It needed all the efforts of the three men to move the box, full to the brim of soil as it was. Panting and heaving, they shifted it first away from the balustrade, and tilted it towards the wall of the house. The earth poured out as the angle increased, and in a minute the floor was deep in it.

“Gently, gently,” said Gimblet. “Look, what is that?” and he pointed to something white, which was poking out through the earth in the box.

His electric torch flashed upon it, and the others, balancing the tilted flower box on its edge, peered in, and saw that it was a bit of pink and white chintz.

It seemed a long while before Gimblet spoke.
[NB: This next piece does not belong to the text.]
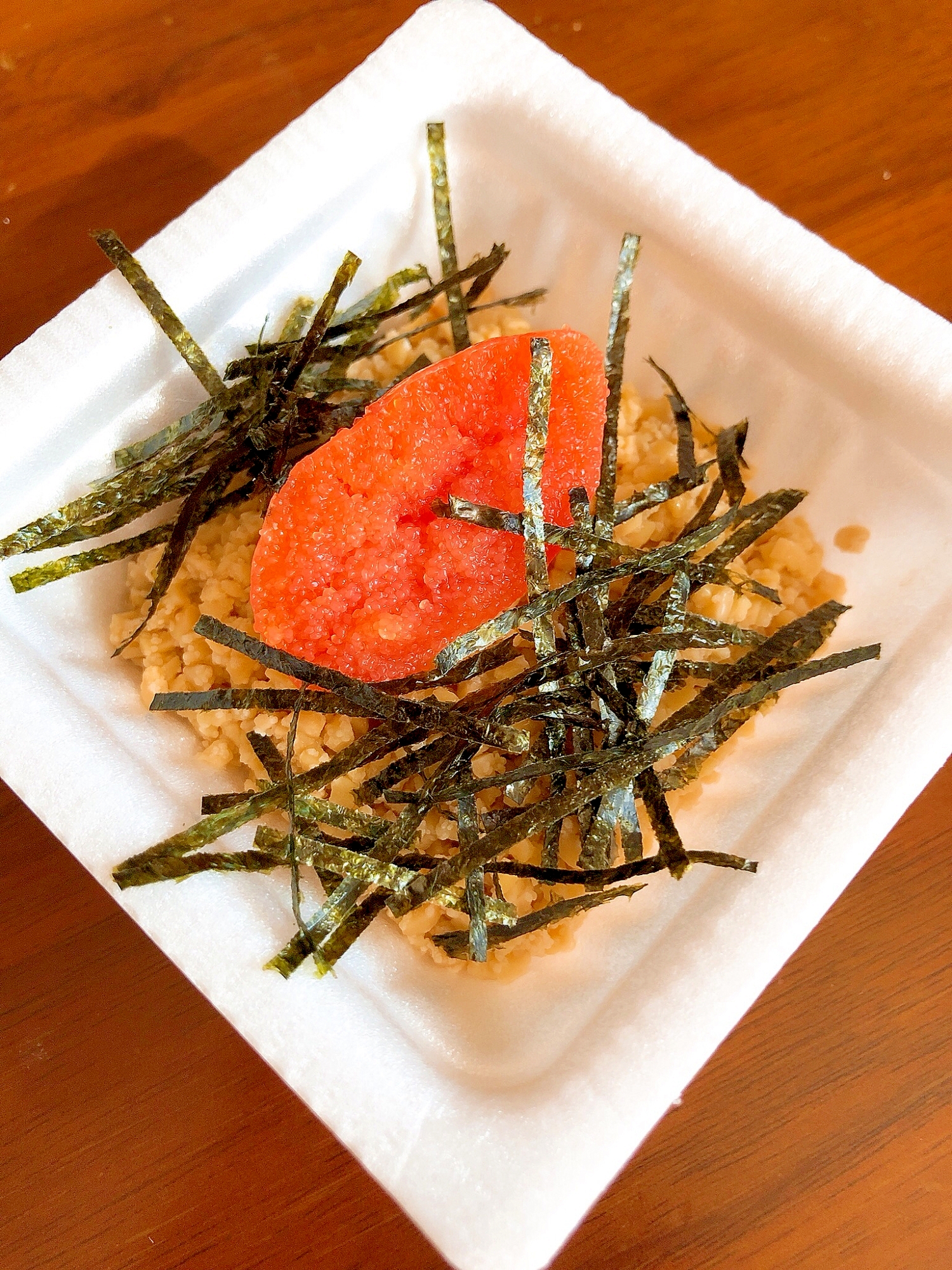 ◎毎日納豆◎プチプチ！たらこと刻み海苔の納豆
He stood as if turned to stone, and Brampton felt an indefinable horror stealing over him, a dread of he knew not what, but which he seemed to be conscious was in some way a reflection or telepathic transference of the other’s unspoken thoughts.
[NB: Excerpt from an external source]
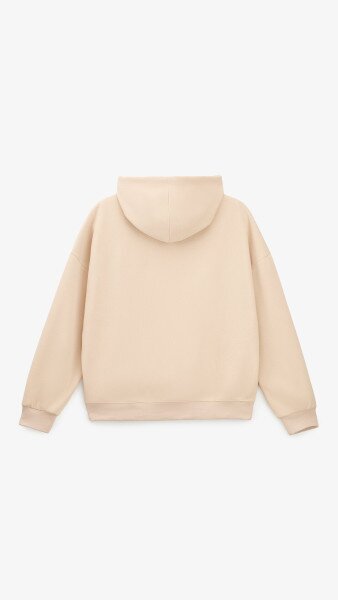 Купить Худи однотонный мужской GENUA G01223-0007 S Бежевый Артикул: 2000999394423 Фото №10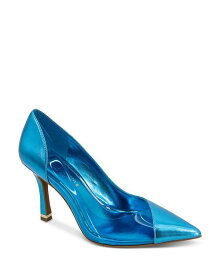 【送料無料】 ケネスコール レディース パンプス シューズ Women's Rosa Pointed Toe High Heel Pumps Bluebird Pu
At last with an obvious effort Gimblet straightened himself.

“We must tilt out a little more earth,” he said in a low tone, “very carefully now.”

Very cautiously they raised the side of the stand again, and a rush of soil poured over the edge; the little patch of white they had seen in a corner became a large piece, and almostly instantly it was plain to them all that the greater part of the box was full of it. Leaving the others to manage the box, which was now easily steadied, Gimblet ran round and knelt at its side, scooping out handfuls of garden mould and disclosing what looked like a very long, bulky bundle of flowered chintz.

Suddenly, in a voice hardly above a whisper, Brampton broke the silence.

“My God!” he said, pointing, and staring with horrified eyes.

From the corner of the wrapper a hand protruded, half covered with earth; it was a white and shapely hand, the hand of a woman.

“Do you see it?” whispered Brampton again, and leant shaking against the wall.

“It’s a hand,” said Higgs, troubled but stolid.

Gimblet was very pale, and he took a quick breath as he braced himself to lift the enveloping chintz. The lighted windows cast three streaks of light out into the darkness and threw grotesque distorted shadows of the men upon the coping of the balcony. A sudden gust of wind made the trees in the street moan and shiver as though they had been swept by the passing broom of some night-riding hag; all around them the darkness gathered close like a wicked thing that would if it dared swallow up the tiny protecting lights men burn in self-defence.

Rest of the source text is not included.